Let’s look at the state of passing in CFB today using our dataset from earlier this week (~1.2M total plays, ~700 games, 10 seasons). First, we might want to compare passing and rushing in general, using a common unit of value in EPA:
In aggregate, teams are generally rushing more (albeit just slightly), but passing is significantly more valuable.
Let’s tackle this increased rush rate first. We talked yesterday about how a quarterback’s decision to target a specific receiver is a mental risk-reward calculation that we can model numerically using expected completion percentage and expected points. Over the years, our brains have mapped a similar opportunity cost analysis on to the dichotomy of passing and rushing: throwing the ball is typically seen as a riskier proposition (remember that “three things can happen when you throw the ball, and two of them are bad”), while running it is safe and secure. The way in which we’ve mapped risk onto those playcalling choices can very clearly be seen when thinking about game state (IE: if an offense is winning or losing). game state encourages changes in playcalling: as the game winds down, winning teams typically run the ball more to defend their lead and bleed clock (IE: they accept less risk as they no longer need a reward), while losing teams pass more to put up points quickly (IE: they take on more risk to get more potential reward). We remember the notable examples in which teams didn’t adhere to these risk principles and failed to capitalize on their situations: to this day, Falcons fans (read: me, myself, and I) hold a grudge against former offensive coordinator Kyle Shanahan for continually pushing the Falcons’ advantage late in Super Bowl LI by throwing the ball instead of bleeding the clock with chunk runs (and we all know how that strategy paid off).

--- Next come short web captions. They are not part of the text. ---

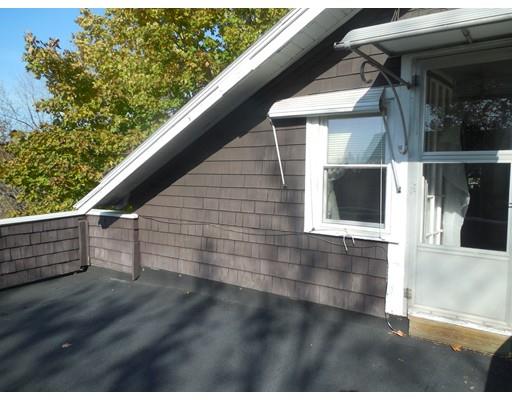 168 North St, Ware, MA 01082 photo 29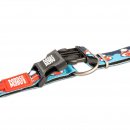 Фото - амуніція Max & Molly Urban Pets Smart ID Collar нашийник для собак з QR-кодом Frenzy the Shark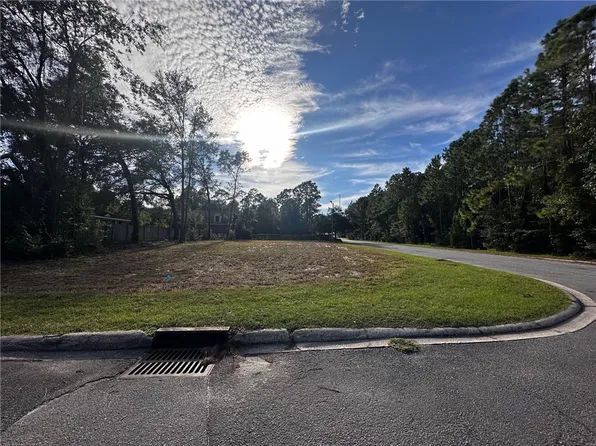 116 Northpark Dr, Brunswick, GA 31520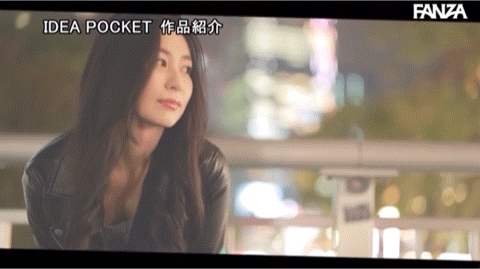 （IPIT-042)想成为特务的日韩混美女杀手！逼人招供全靠她的骑乘位！ ... 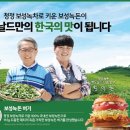 보성녹돈 네이버블로그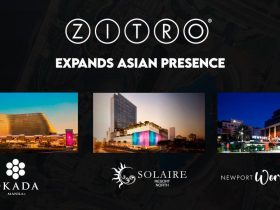 zitro-expands-asian-presence-at-manila’s-integrated-resorts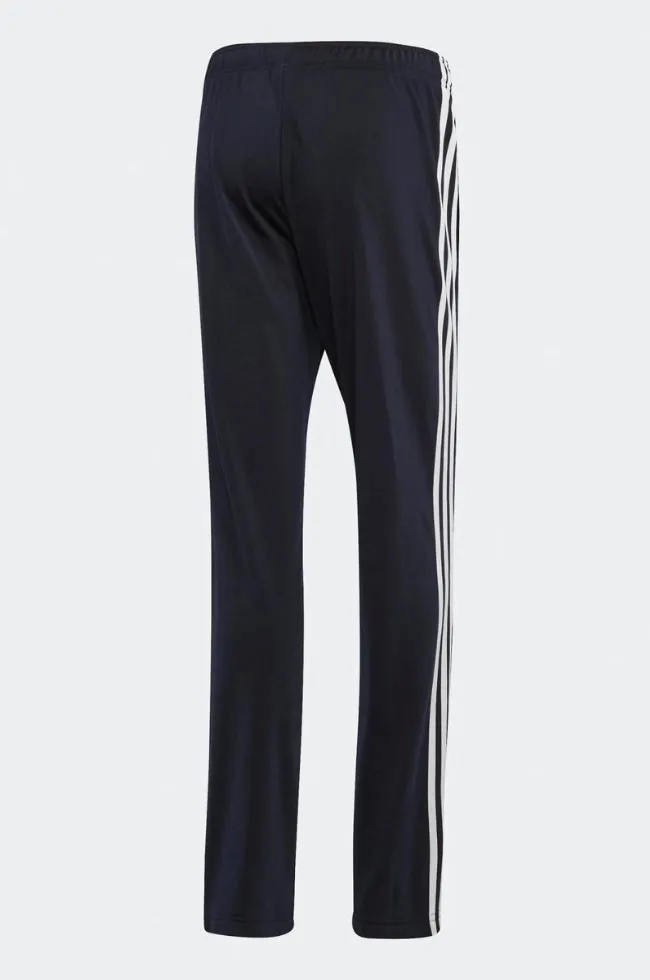 3- Stripes Pants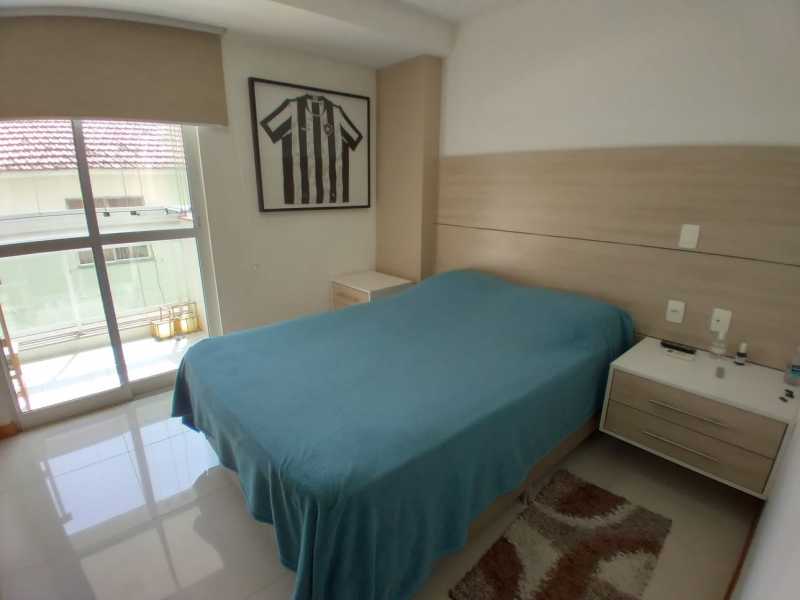 WhatsApp Image 2022-01-27 at 1 - Apartamento à venda Rua Rodrigo de Brito,Rio de Janeiro,RJ - R$ 1.250.000 - RFAP20029 - 12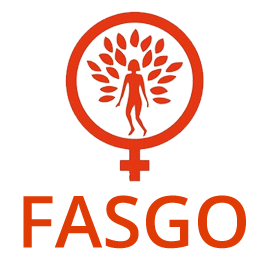 logo fasgo vertical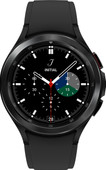 Samsung Galaxy Watch4 Classic 46 mm Zwart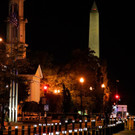 2023-05-23T041407Z_344748410_RC2441A2W3CF_RTRMADP_3_USA-WHITEHOUSE-CRASH.JPG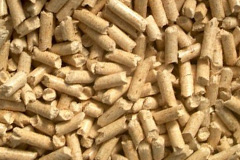 pellet boilers Seed Lee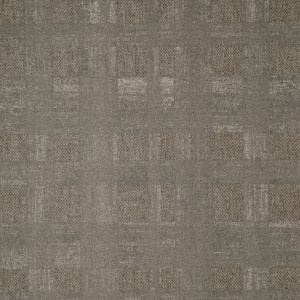 50050 – tapeta Touquet Terre Flamant Les Mineraux Arte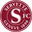 Servette logo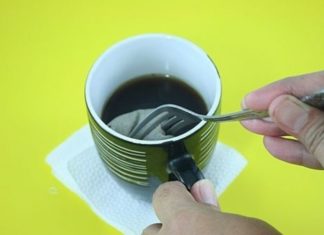 The Ultimate Guide to Brewing Filterless Coffee: A Superior, Tasteful Experience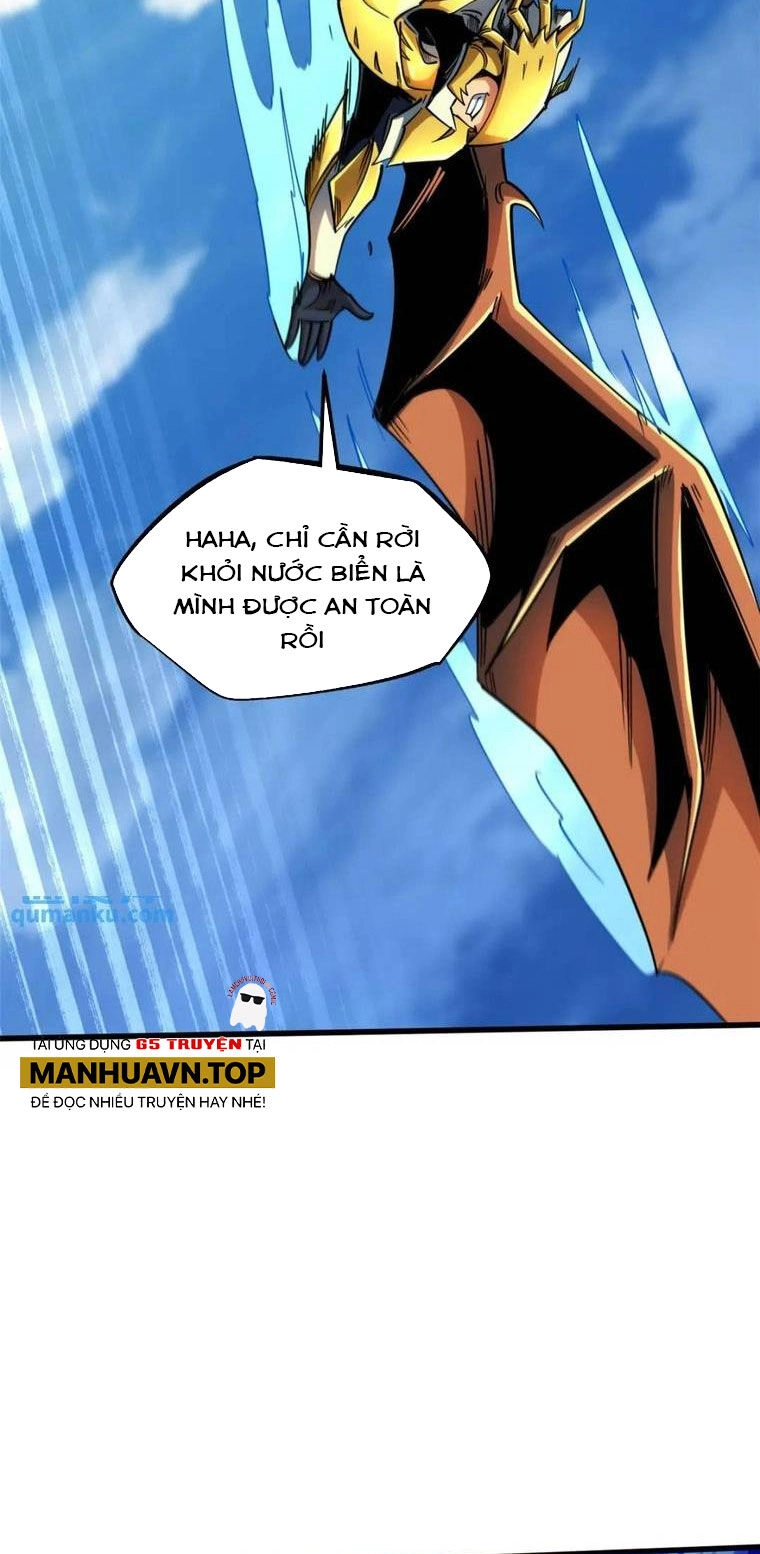 Siêu Cấp Thần Cơ Nhân Chapter 212 - 49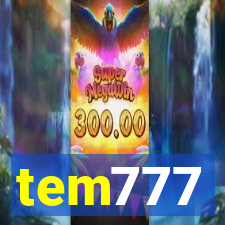 tem777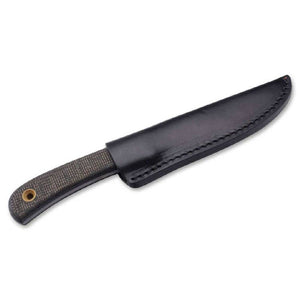 BOKER Plus Bark Beetle Knives - Knives Boker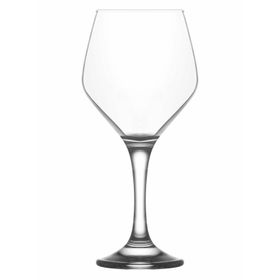 Lav Ella 6'lı Goblet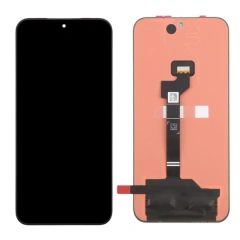 For Honor 400 LCD Display Touch Screen Repair Spare Parts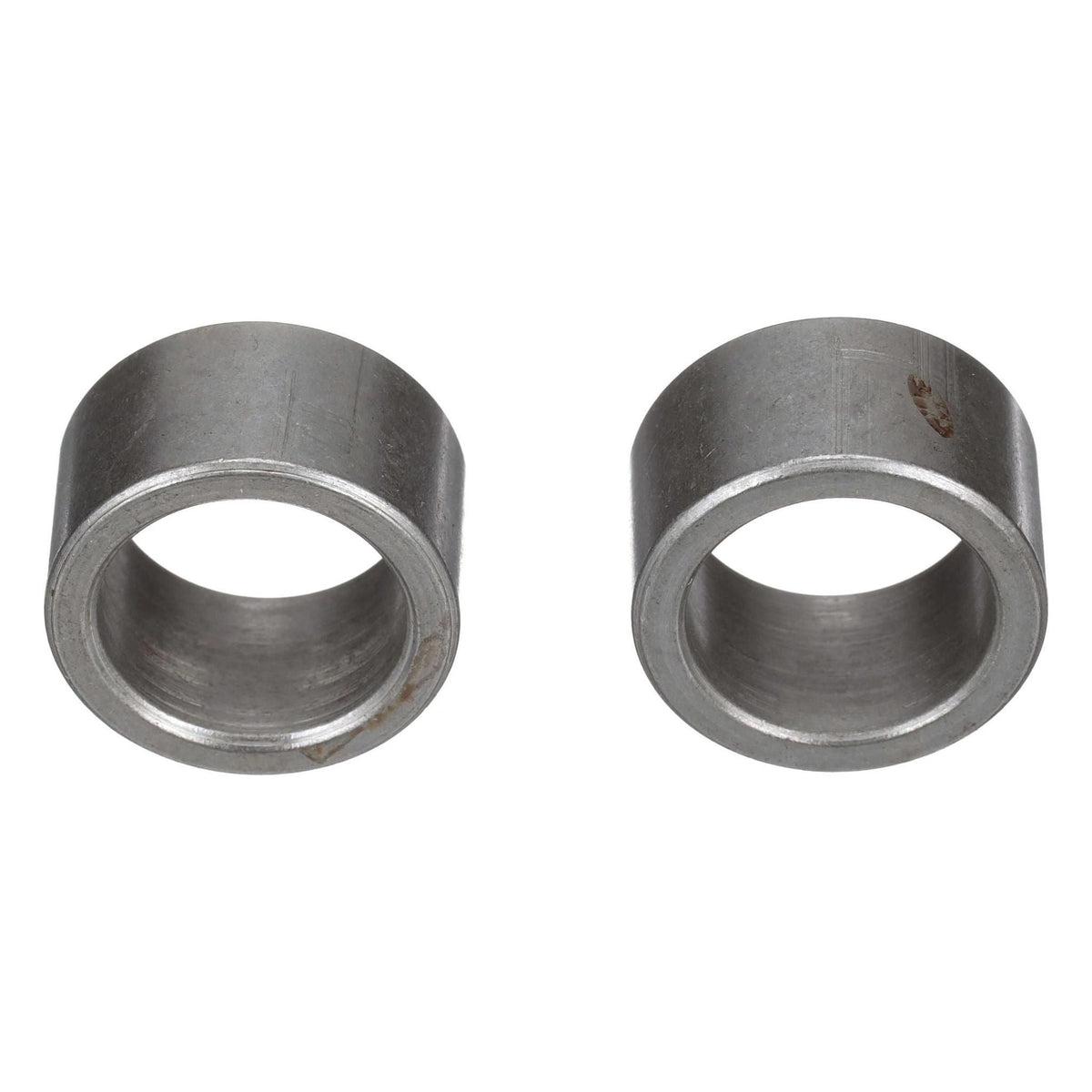 5142223 - OEM SPACER - CASE CONSTRUCTION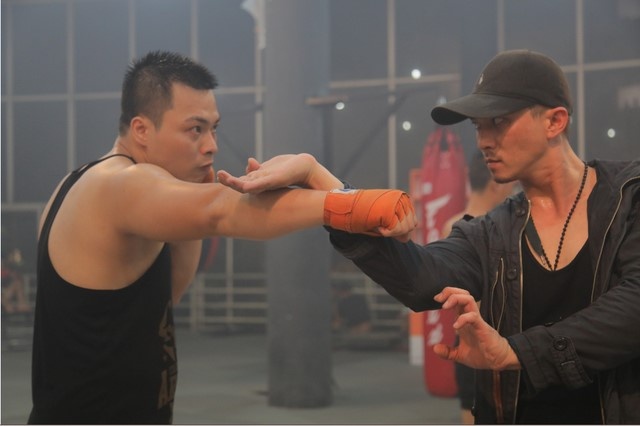 Lua chon so phan anh 1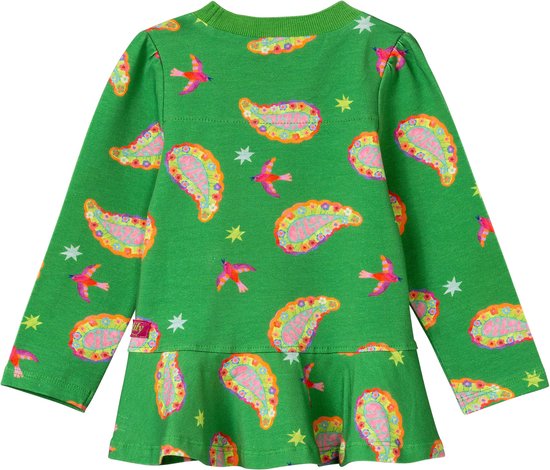 GORAIS Bolero de encaje para mujer, chaqueta GORAIS Bolero de encaje para mujer, chaqueta
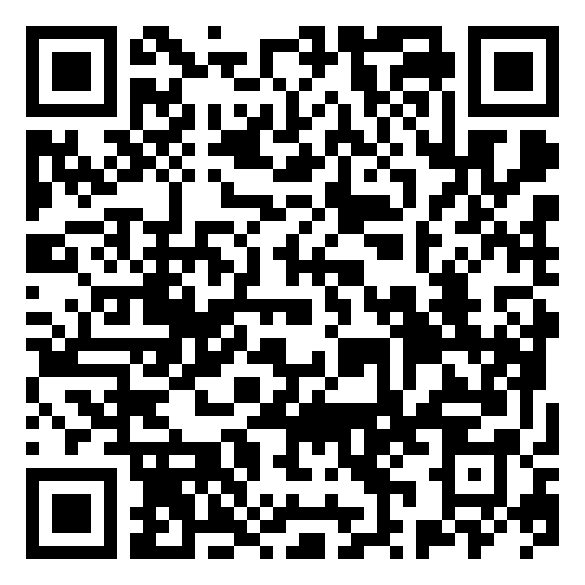QR code 00673551800000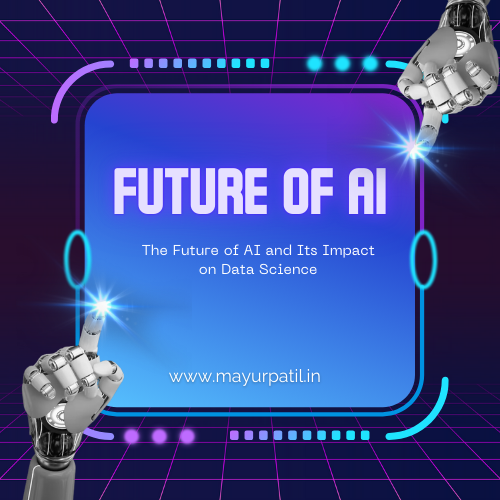 Future of AI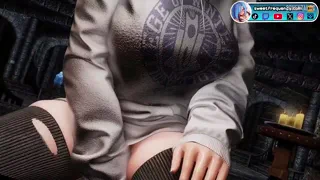 Preview at 00:26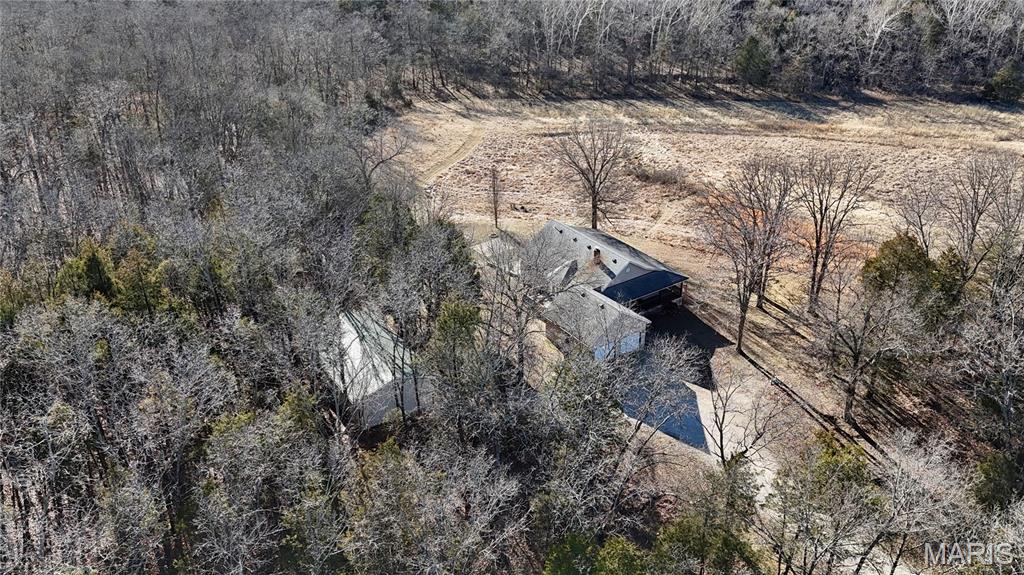 4101 Juedeman Road Cuba, MO 65453 - Photo 66 of 85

Setting the existential dread of a lost championship aside, we can see this risk analysis come through in the data as well, when we compare dropback rates across different win probabilities (a numerical version of game state):
Put another way (note that rush rate, not dropback rate, is the Y axis here):
For fun I recreated one of my favorite football graphs but for the college game to see if there was any difference. Nope! Teams with leads run when they’re up, pass when they’re down #CFB #CollegeFootball https://t.co/RgC9DINgUY pic.twitter.com/XTD1OoqsEo
— CFBNumbers (@CFBNumbers) September 30, 2021
As for the increased value of passing, let me ask you, dear reader: how many times have you seen Tech force a rusher into a tiny gap on first-and-ten for two yards (if they’re really lucky)? Even after the Paul Johnson era, the answer is surely a hearty “Plenty”! If we take a wider lens and look at the density plots for the yards gained on completed passes versus rushes in our entire dataset (incomplete passes would obviously skew these densities so we’ll ignore them for now):
Our lived experience actually bears out here: most passing plays are medium chunk plays (see there the peak of the red curve is), while most rushing plays are smaller gains (the peak of the turquoise curve). We don’t even have to adjust for the unit inequality of yards here: gaining fewer yards on a player is generally going to be less valuable, regardless of situation.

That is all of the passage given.